Home | About | Sematext search-lucene.com search-hadoop.com
NEW: Monitor These Apps!
elasticsearch, apache solr, apache hbase, hadoop, redis, casssandra, amazon cloudwatch, mysql, memcached, apache kafka, apache zookeeper, apache storm, ubuntu, centOS, red hat, debian, puppet labs, java, senseiDB
 Search Hadoop and all its subprojects:

Switch to Threaded View
Hadoop >> mail # user >> Disks RAID best practice


Copy link to this message
-
Re: Disks RAID best practice
Oleg, that's for an overall raid preference.
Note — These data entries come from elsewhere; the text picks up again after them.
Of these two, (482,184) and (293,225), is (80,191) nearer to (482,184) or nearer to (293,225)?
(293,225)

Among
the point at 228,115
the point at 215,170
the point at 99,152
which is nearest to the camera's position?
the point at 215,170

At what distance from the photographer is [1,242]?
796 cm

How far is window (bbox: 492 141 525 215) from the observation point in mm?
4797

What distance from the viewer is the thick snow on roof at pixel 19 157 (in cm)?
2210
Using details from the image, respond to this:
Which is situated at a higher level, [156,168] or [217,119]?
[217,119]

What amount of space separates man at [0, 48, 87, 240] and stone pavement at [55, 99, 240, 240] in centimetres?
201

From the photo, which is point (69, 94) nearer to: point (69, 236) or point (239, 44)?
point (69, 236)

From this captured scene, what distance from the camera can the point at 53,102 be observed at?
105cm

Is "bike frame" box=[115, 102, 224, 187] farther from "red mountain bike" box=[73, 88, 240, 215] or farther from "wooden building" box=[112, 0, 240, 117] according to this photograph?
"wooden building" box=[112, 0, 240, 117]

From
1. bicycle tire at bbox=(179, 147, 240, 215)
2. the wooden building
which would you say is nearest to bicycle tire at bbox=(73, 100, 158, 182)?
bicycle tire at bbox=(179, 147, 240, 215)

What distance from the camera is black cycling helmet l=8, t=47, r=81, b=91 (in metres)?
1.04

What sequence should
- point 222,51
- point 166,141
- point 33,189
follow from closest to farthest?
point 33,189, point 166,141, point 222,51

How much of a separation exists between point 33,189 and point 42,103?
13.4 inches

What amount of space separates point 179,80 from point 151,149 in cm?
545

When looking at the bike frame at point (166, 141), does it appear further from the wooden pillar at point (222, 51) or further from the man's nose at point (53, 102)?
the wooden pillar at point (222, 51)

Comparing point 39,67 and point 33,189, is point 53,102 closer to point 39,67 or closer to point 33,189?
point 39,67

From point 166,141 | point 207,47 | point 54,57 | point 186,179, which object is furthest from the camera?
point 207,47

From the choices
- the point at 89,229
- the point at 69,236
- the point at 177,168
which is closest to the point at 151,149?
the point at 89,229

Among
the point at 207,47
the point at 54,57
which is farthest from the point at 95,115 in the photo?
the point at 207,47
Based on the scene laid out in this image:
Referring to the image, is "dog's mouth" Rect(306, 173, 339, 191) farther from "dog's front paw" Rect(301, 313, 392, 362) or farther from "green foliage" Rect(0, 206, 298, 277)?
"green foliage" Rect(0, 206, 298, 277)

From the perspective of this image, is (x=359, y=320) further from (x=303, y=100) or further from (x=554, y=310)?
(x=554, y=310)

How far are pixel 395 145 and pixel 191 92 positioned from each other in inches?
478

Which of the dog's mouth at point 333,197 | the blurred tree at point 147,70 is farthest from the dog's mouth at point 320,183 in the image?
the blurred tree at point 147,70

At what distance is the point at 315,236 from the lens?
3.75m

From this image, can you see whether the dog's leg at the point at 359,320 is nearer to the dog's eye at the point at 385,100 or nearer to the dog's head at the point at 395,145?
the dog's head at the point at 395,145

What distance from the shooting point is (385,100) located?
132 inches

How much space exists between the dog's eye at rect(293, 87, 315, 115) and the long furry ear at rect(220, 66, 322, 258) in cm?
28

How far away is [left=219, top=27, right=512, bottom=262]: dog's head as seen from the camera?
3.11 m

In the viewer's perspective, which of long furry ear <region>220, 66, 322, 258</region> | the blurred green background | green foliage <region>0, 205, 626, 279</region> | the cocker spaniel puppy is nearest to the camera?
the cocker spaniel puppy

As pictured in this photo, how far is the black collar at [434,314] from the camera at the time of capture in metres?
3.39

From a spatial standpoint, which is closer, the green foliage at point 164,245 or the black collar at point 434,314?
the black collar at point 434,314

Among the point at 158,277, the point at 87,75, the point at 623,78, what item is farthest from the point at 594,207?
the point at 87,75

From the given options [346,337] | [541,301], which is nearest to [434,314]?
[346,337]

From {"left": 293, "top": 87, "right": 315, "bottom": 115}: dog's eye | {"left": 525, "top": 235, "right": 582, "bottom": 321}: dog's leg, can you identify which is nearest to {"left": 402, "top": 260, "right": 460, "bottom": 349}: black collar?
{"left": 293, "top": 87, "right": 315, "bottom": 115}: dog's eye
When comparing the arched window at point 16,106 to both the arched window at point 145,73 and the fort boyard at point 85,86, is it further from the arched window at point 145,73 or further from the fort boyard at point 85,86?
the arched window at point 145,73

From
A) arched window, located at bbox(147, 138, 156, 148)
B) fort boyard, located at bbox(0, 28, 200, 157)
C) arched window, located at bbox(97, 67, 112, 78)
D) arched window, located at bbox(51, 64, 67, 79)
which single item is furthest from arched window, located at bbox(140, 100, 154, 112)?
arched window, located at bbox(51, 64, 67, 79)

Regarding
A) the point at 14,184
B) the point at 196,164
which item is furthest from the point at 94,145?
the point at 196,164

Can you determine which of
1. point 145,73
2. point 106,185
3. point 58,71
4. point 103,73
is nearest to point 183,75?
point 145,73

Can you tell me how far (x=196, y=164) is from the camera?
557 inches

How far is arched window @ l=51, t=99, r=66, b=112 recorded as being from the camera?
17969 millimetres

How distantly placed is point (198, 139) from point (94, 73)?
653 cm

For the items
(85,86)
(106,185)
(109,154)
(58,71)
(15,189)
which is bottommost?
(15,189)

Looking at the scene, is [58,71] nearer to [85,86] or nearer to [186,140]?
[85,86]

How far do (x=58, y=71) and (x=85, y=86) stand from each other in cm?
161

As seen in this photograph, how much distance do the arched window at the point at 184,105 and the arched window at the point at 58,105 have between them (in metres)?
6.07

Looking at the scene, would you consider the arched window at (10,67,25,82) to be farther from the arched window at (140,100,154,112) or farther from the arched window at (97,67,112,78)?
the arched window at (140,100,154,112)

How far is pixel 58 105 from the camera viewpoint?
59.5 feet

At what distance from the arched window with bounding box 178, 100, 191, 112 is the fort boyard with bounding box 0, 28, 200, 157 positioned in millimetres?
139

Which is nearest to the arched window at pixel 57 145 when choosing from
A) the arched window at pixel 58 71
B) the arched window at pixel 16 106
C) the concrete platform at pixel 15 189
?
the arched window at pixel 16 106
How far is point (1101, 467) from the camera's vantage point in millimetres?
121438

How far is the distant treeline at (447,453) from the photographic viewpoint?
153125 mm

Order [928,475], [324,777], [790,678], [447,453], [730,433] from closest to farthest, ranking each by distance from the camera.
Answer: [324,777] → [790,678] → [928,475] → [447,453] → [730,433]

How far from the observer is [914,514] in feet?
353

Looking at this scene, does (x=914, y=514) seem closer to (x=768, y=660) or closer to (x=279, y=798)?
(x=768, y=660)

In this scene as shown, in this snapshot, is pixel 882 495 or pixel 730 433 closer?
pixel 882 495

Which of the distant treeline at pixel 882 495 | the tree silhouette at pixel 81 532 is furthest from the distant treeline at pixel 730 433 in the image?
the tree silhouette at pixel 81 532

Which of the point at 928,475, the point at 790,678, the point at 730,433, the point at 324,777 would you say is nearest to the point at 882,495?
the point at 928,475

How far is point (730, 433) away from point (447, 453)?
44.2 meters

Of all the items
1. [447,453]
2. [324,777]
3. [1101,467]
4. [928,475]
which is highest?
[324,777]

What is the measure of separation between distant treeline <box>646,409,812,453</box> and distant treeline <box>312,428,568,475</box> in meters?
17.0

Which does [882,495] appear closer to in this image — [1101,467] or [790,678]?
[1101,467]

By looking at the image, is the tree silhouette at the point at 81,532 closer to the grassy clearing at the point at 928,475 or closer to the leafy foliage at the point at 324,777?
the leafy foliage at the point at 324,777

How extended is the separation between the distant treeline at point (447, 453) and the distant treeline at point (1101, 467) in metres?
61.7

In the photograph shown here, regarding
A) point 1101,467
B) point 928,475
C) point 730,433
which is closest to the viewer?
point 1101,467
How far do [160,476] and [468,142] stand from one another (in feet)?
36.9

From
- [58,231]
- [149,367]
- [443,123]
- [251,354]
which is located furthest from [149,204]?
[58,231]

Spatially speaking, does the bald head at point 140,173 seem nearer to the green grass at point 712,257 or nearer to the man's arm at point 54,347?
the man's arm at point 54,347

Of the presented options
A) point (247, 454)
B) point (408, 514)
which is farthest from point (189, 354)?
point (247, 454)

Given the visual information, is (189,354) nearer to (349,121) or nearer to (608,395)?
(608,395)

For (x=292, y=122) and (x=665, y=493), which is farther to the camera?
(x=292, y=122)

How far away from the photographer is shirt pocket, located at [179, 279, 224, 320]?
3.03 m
Specifically for the 'control nodes' aka (NN, SN, JT, HM, ZK...)

I tend to just use simple mirroring because these processes are not really I/O bound. (RAID-1).
I guess you could go RAID-10 (Stripe and Mirrored) but that may be a little overkill and my preference comes from working in the RDBMS world.

If we are using commodity servers, JBOD tends to be the preferred way of handling things.

However, I've seen cases where people will use RAIDed Drives on a node for a couple of reasons. The nice thing about doing mirrored DN drives is that if you have a disk failure you just pop the drive and replace it.  Much simpler.

If we're looking at using NetApp's E Series in conjunction with a compute cluster, then you are using their raided configuration and can reduce the cluster's replication factor to 2 from 3.

While its easy to recommend RAID on the control nodes, data nodes is a bit trickier.  I mean you can run with straight JBOD and based on a cost issue, its the cheapest in terms of hardware.  If you go with RAID on the DN, you reduce your storage density per node because you have redundancy in hardware. And this has an impact on your overall machine density and TCO.   This is offset by easier and faster recovery time from some hardware failure events. Lets face it, the number one thing to fail is going to be your hard drives.  So we are going to have to balance the costs against the benefits.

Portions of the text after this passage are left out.